What this task involves
Could you restate every entry word for word, minus the pictures?

###

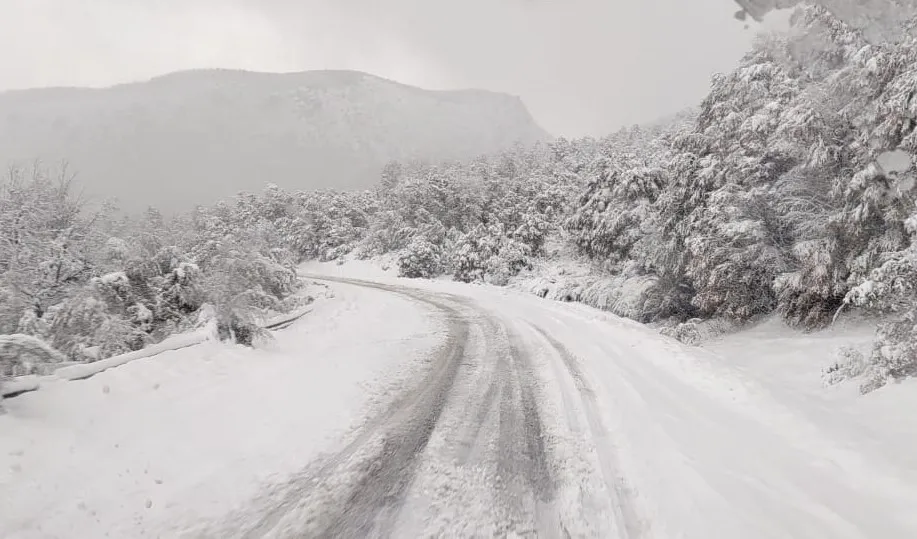 ruta 40 nieve 4 mayo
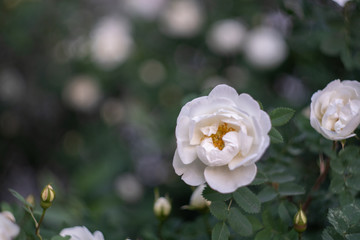 Obraz premium White rose bush with bokeh. Shot with vintage Helios lens 44M3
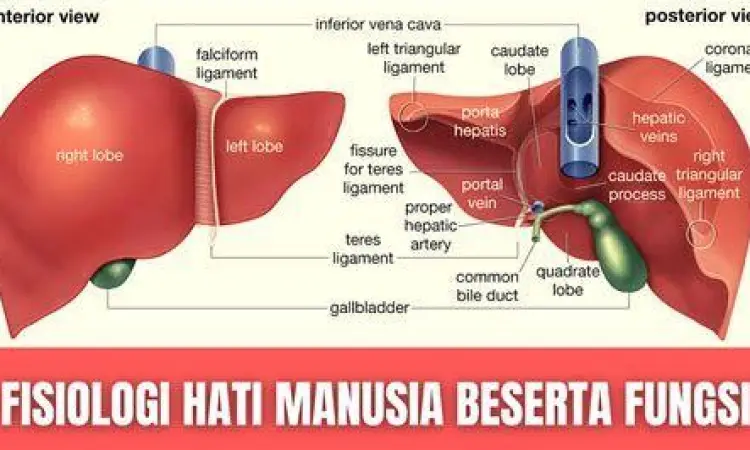 Struktur anatomi hati manusia dan lobus hati
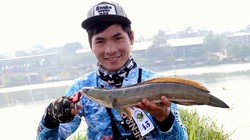 Câu được cá lóc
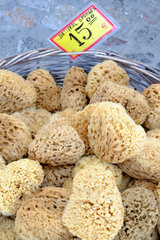 Sponges (Porifera) for sale in a basket  origin  Aegean Sea  Cyclades  Greece.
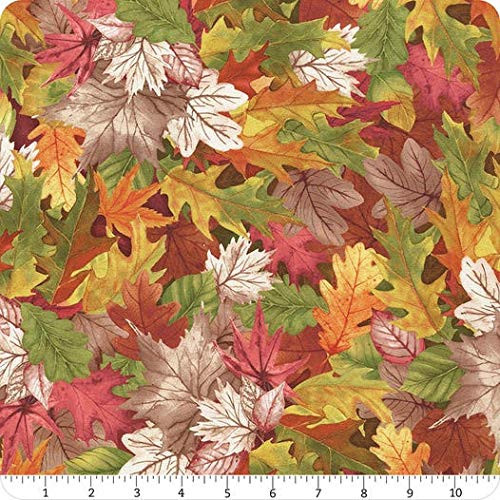 Timeless Treasures Happy Fall Yall Leaves Nature Premium Quality 100 percent Cotton Sold by The Yard.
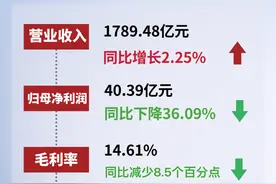 蒋铁峰掌舵首年利润大降 招商蛇口高溢价拿地是冒险还是远见？图片
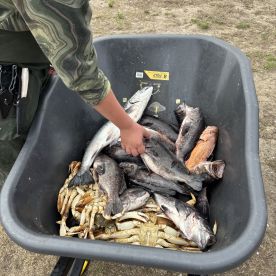 Great trip, salmon and crab real slow, rock fishing great!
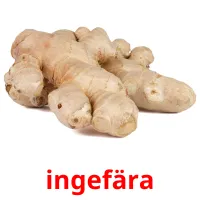 ingefära picture flashcards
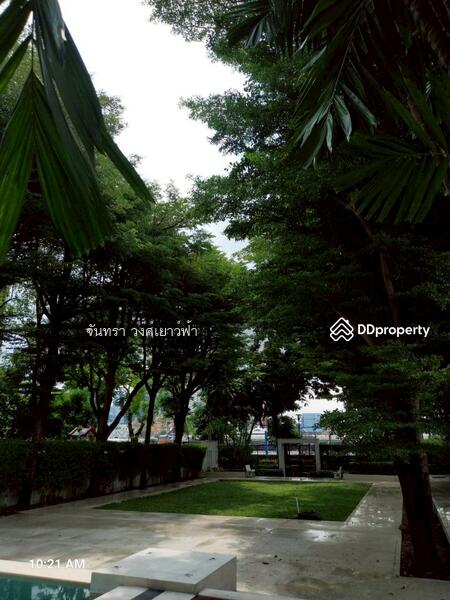 The Fine at River, Bangkok, Chareonnakorn, Bang Lam Phu Lang, Khlong San, Bangkok, 1 Bedroom, 35 sqm, Condo For Rent, by Chantra Wongyaofa, 11450442 - DDproperty.com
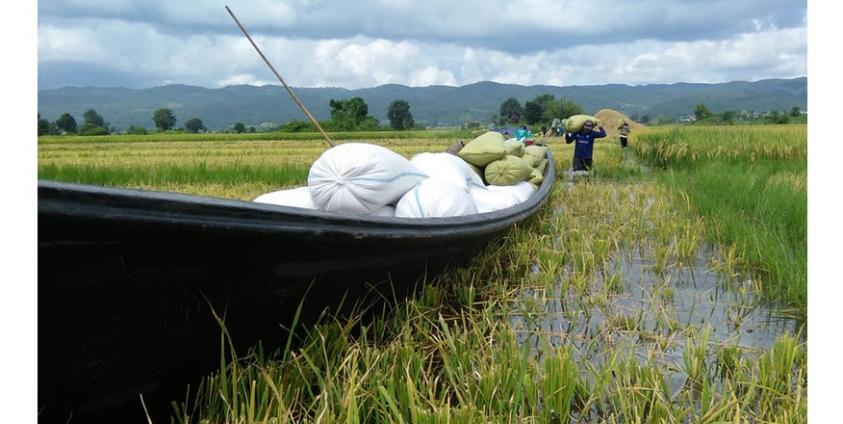 ဖယ်ခုံဒေသတွင် ရေနှစ်မြှုပ်နေသော စပါးပင်များကို အချိန်မီအလုအယက်ရိတ်သိမ်းနေရသည်။(ဓါတ်ပုံ-ခူးစိုးရယ်ဦး)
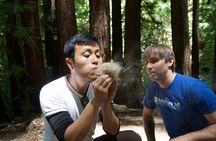 Introduction to Wilderness Survival Clinic in Marin County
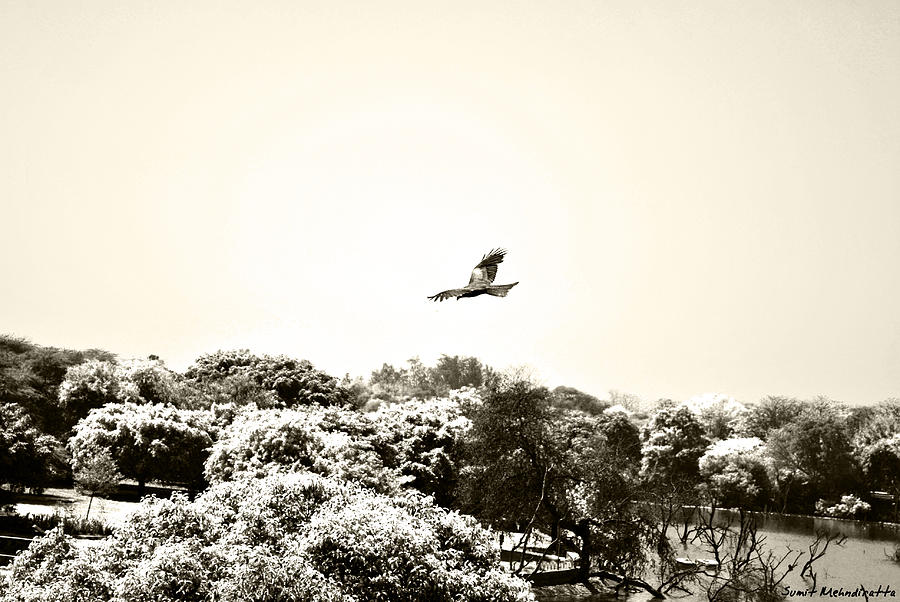 Eagle Flying Above The Forest Photograph by Sumit Mehndiratta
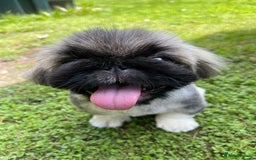 Pekingese dogs for sale: 🩵 KC reg Pekingese Puppy 🩵 - Image 2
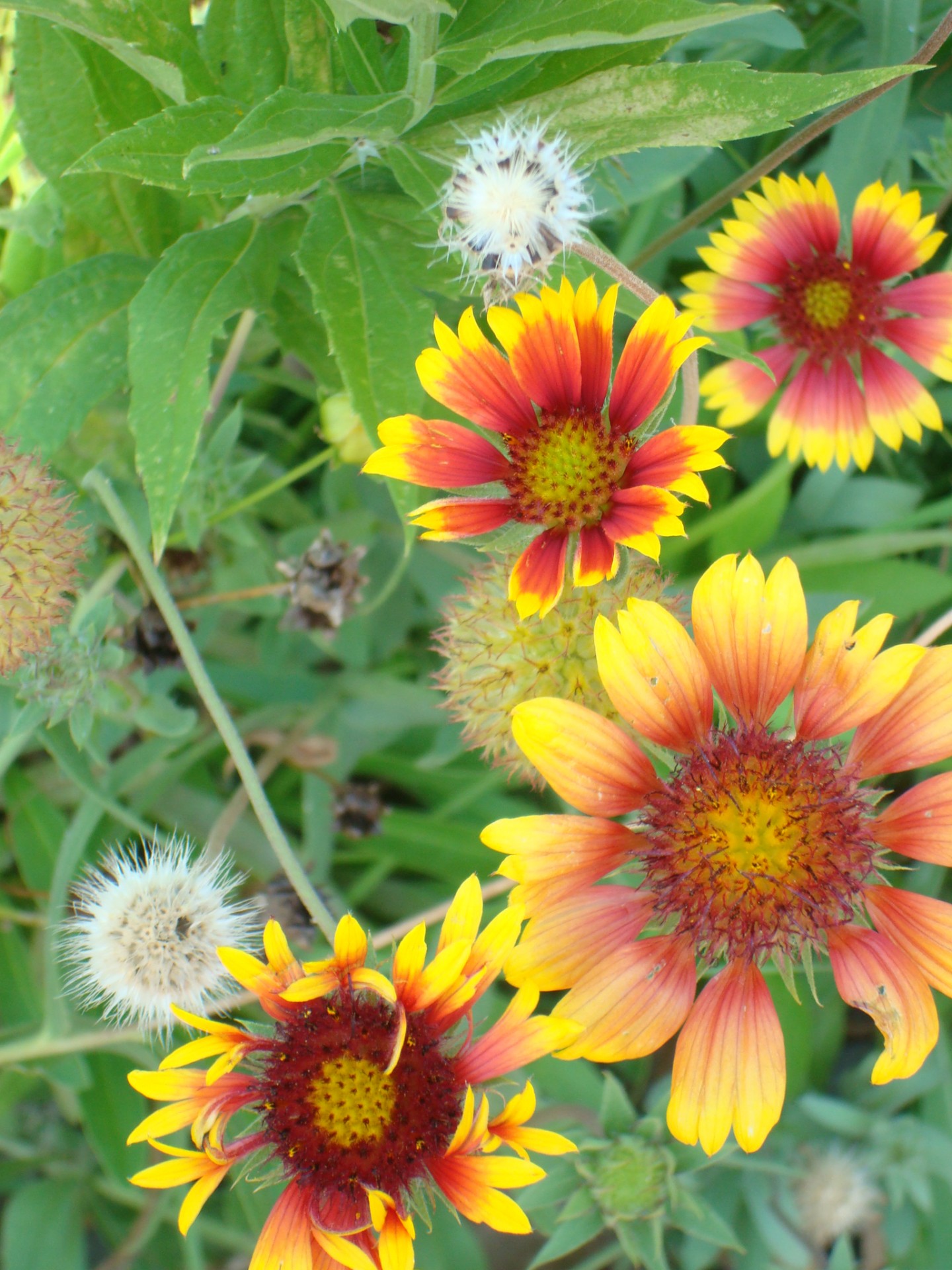 flower yellow orange free photo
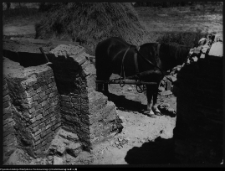 Wigry : zespół klasztorno-kościelny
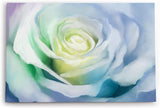 Paul Sinus Wandbild 120x80cm Weiße Rose Blüte Kunstvoll Abstrakt Dekorativ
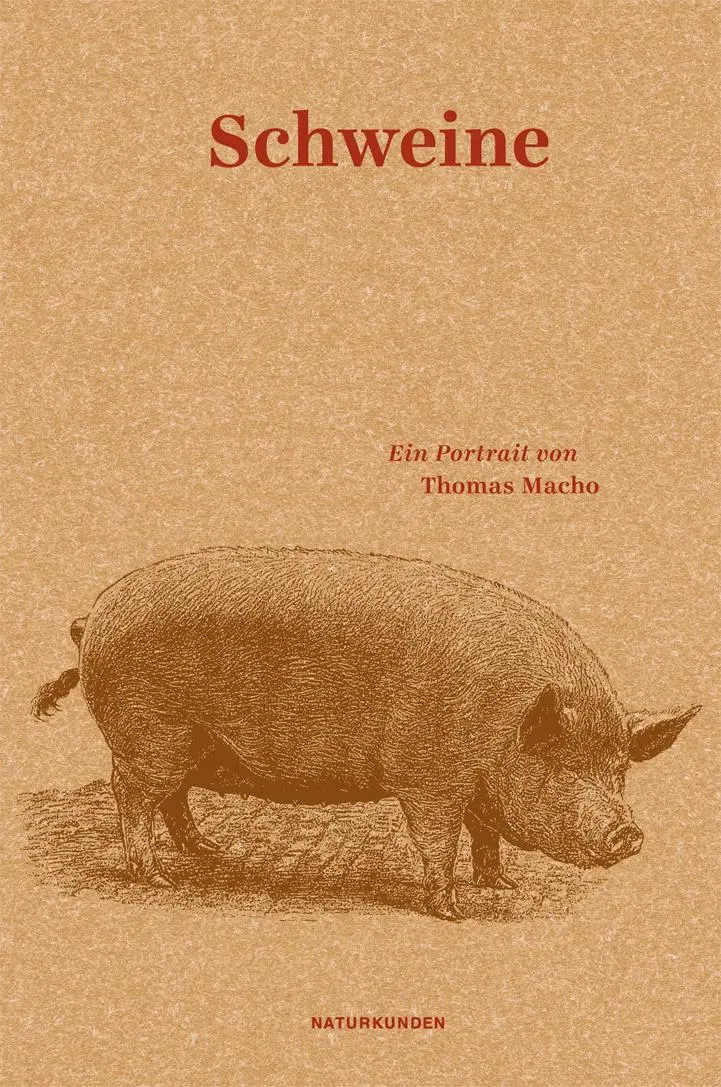 Cover: 9783957570994 | Schweine | Ein Portrait | Thomas Macho | Buch | Naturkunden | 155 S.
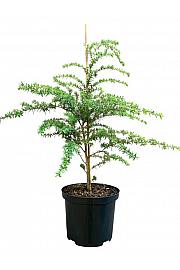 Tsuga heterophylla C2,5 Lit. 30-40 cm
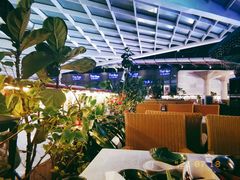 大堂-润园四季椰子鸡火锅(海上世界店)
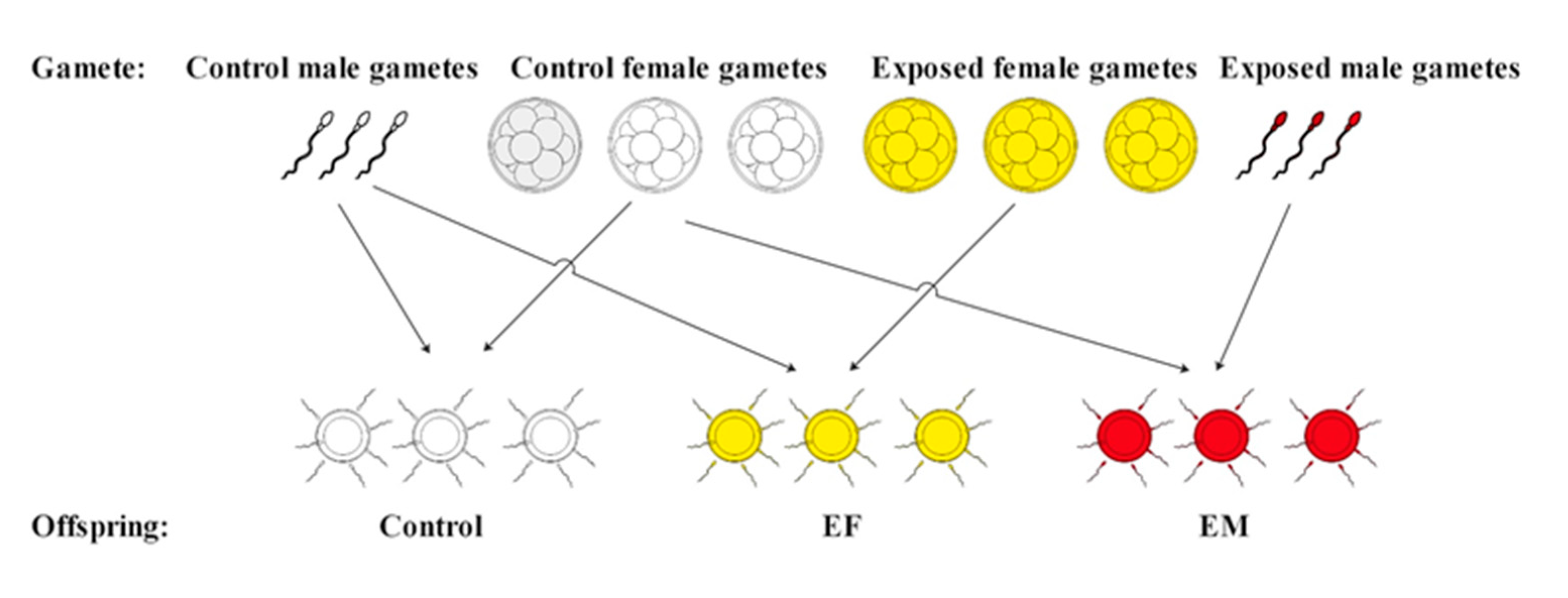 Ijerph 18 00499 g001 Ijerph 18 00499 g001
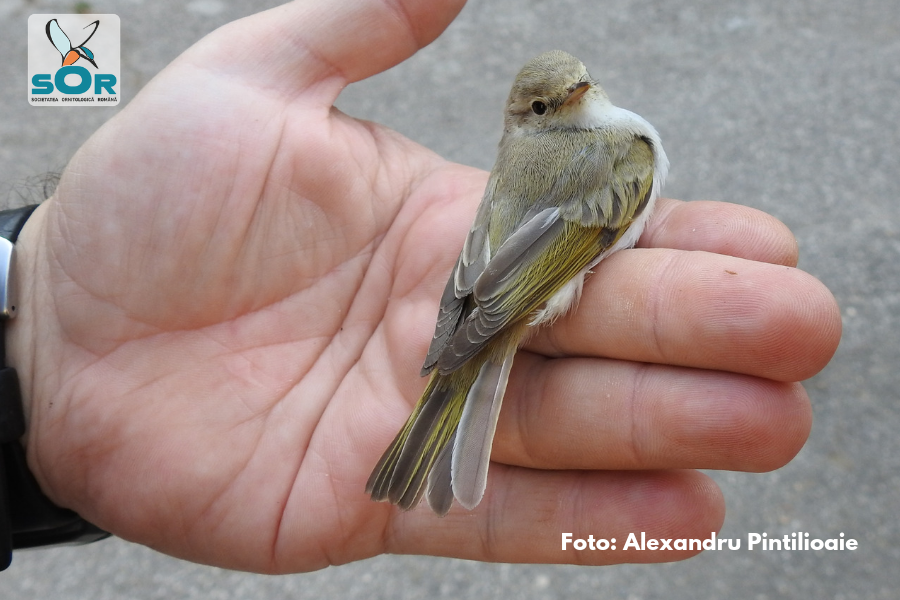 Specie nouă de pitulice în fauna din România, descoperită la Agigea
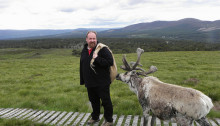 Herding Reindeer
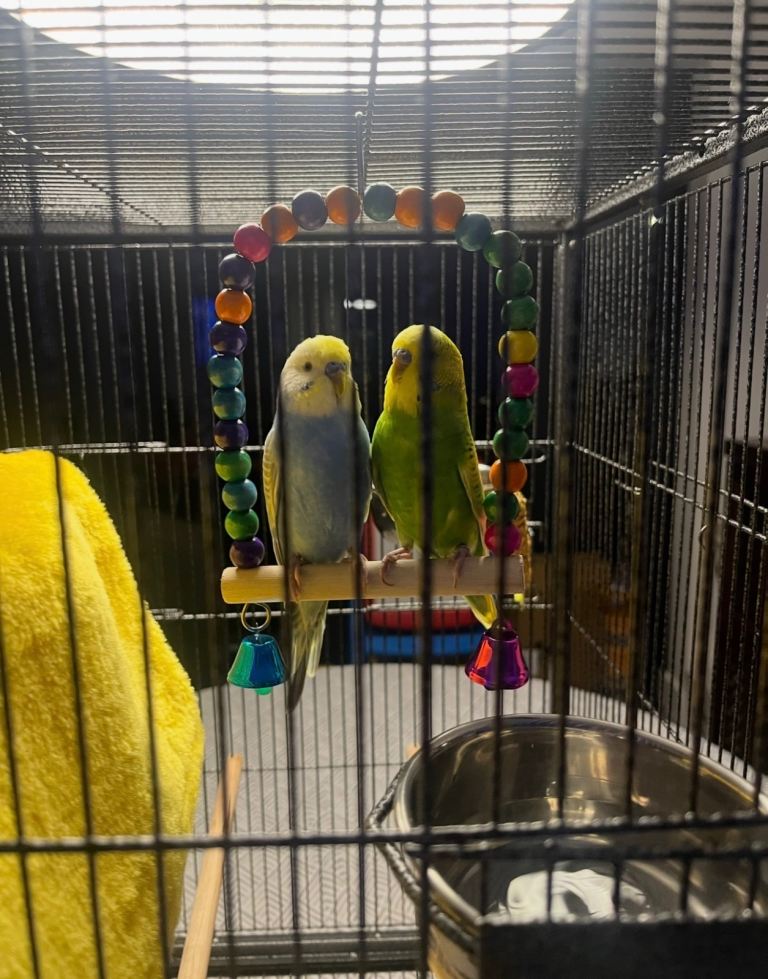 2 budgies 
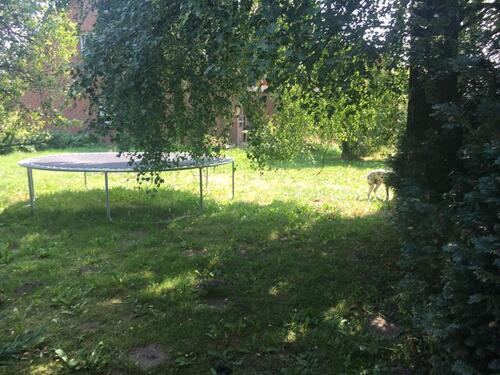Foto - Etagenwohnung in Elmenhorst zur Miete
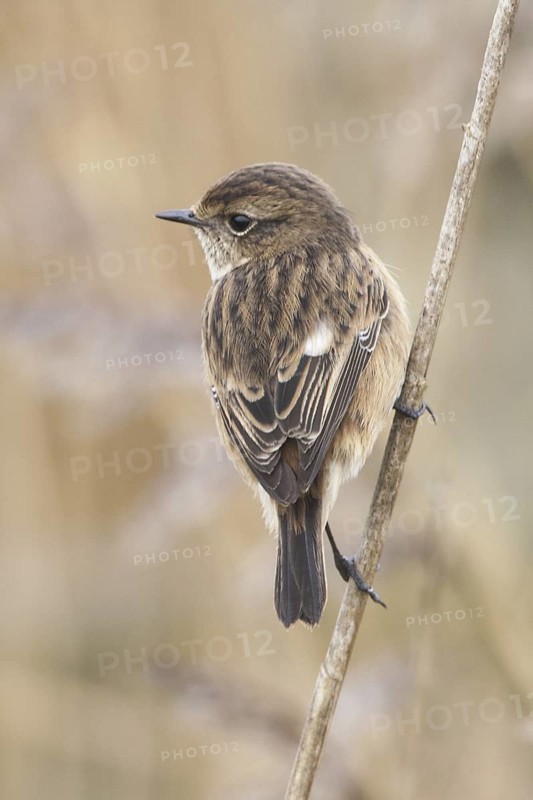 European Stonechat (Saxicola rubicola), United Kingdom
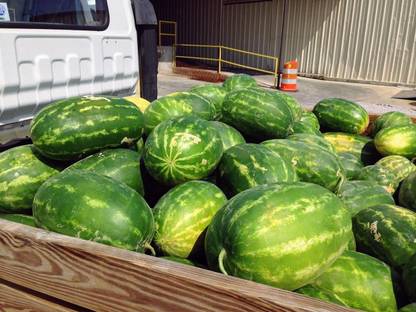 VibeX LXI-56 - Watermelon for Planting - (150 Seeds) Seed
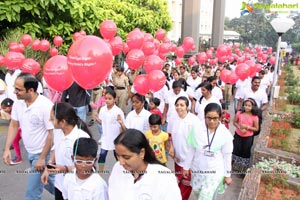 LV Prasad Walk 2016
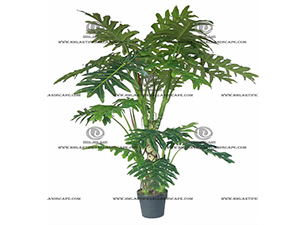 SPLIT PHILO PLANT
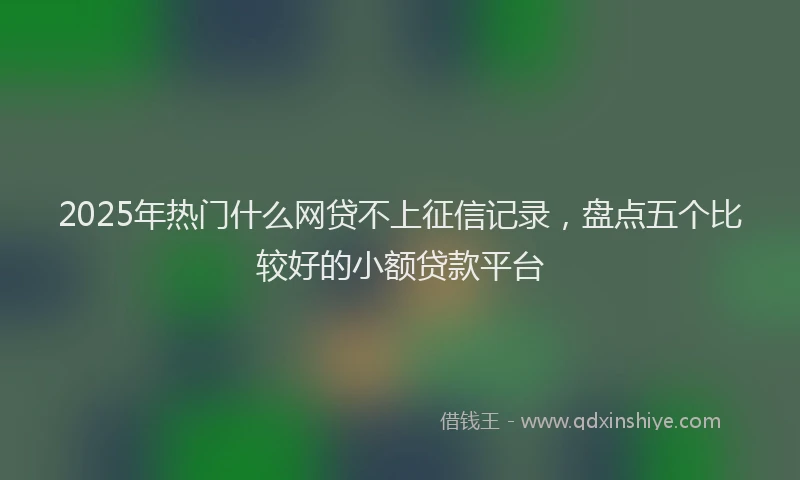 2025年热门什么网贷不上征信记录，盘点五个比较好的小额贷款平台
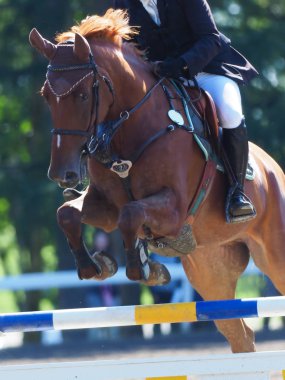 Binicilik bahar Japonya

###

Response area
 ruta 40 nieve 4 mayo
 Obraz premium White rose bush with bokeh. Shot with vintage Helios lens 44M3
 Struktur anatomi hati manusia dan lobus hati
 Câu được cá lóc
 Sponges (Porifera) for sale in a basket  origin  Aegean Sea  Cyclades  Greece.
 Timeless Treasures Happy Fall Yall Leaves Nature Premium Quality 100 percent Cotton Sold by The Yard.
 蒋铁峰掌舵首年利润大降 招商蛇口高溢价拿地是冒险还是远见？图片
 Great trip, salmon and crab real slow, rock fishing great!
 ingefära picture flashcards
 The Fine at River, Bangkok, Chareonnakorn, Bang Lam Phu Lang, Khlong San, Bangkok, 1 Bedroom, 35 sqm, Condo For Rent, by Chantra Wongyaofa, 11450442 - DDproperty.com
 ဖယ်ခုံဒေသတွင် ရေနှစ်မြှုပ်နေသော စပါးပင်များကို အချိန်မီအလုအယက်ရိတ်သိမ်းနေရသည်။(ဓါတ်ပုံ-ခူးစိုးရယ်ဦး)
 Introduction to Wilderness Survival Clinic in Marin County
 Eagle Flying Above The Forest Photograph by Sumit Mehndiratta
 Pekingese dogs for sale: 🩵 KC reg Pekingese Puppy 🩵 - Image 2
 flower yellow orange free photo
 Wigry : zespół klasztorno-kościelny
 Paul Sinus Wandbild 120x80cm Weiße Rose Blüte Kunstvoll Abstrakt Dekorativ
 Cover: 9783957570994 | Schweine | Ein Portrait | Thomas Macho | Buch | Naturkunden | 155 S.
 Tsuga heterophylla C2,5 Lit. 30-40 cm
 大堂-润园四季椰子鸡火锅(海上世界店)
 Ijerph 18 00499 g001 Ijerph 18 00499 g001
 Specie nouă de pitulice în fauna din România, descoperită la Agigea
 Herding Reindeer
 2 budgies 
Foto - Etagenwohnung in Elmenhorst zur Miete
 European Stonechat (Saxicola rubicola), United Kingdom
 VibeX LXI-56 - Watermelon for Planting - (150 Seeds) Seed
 LV Prasad Walk 2016
 SPLIT PHILO PLANT
 2025年热门什么网贷不上征信记录，盘点五个比较好的小额贷款平台
 Binicilik bahar Japonya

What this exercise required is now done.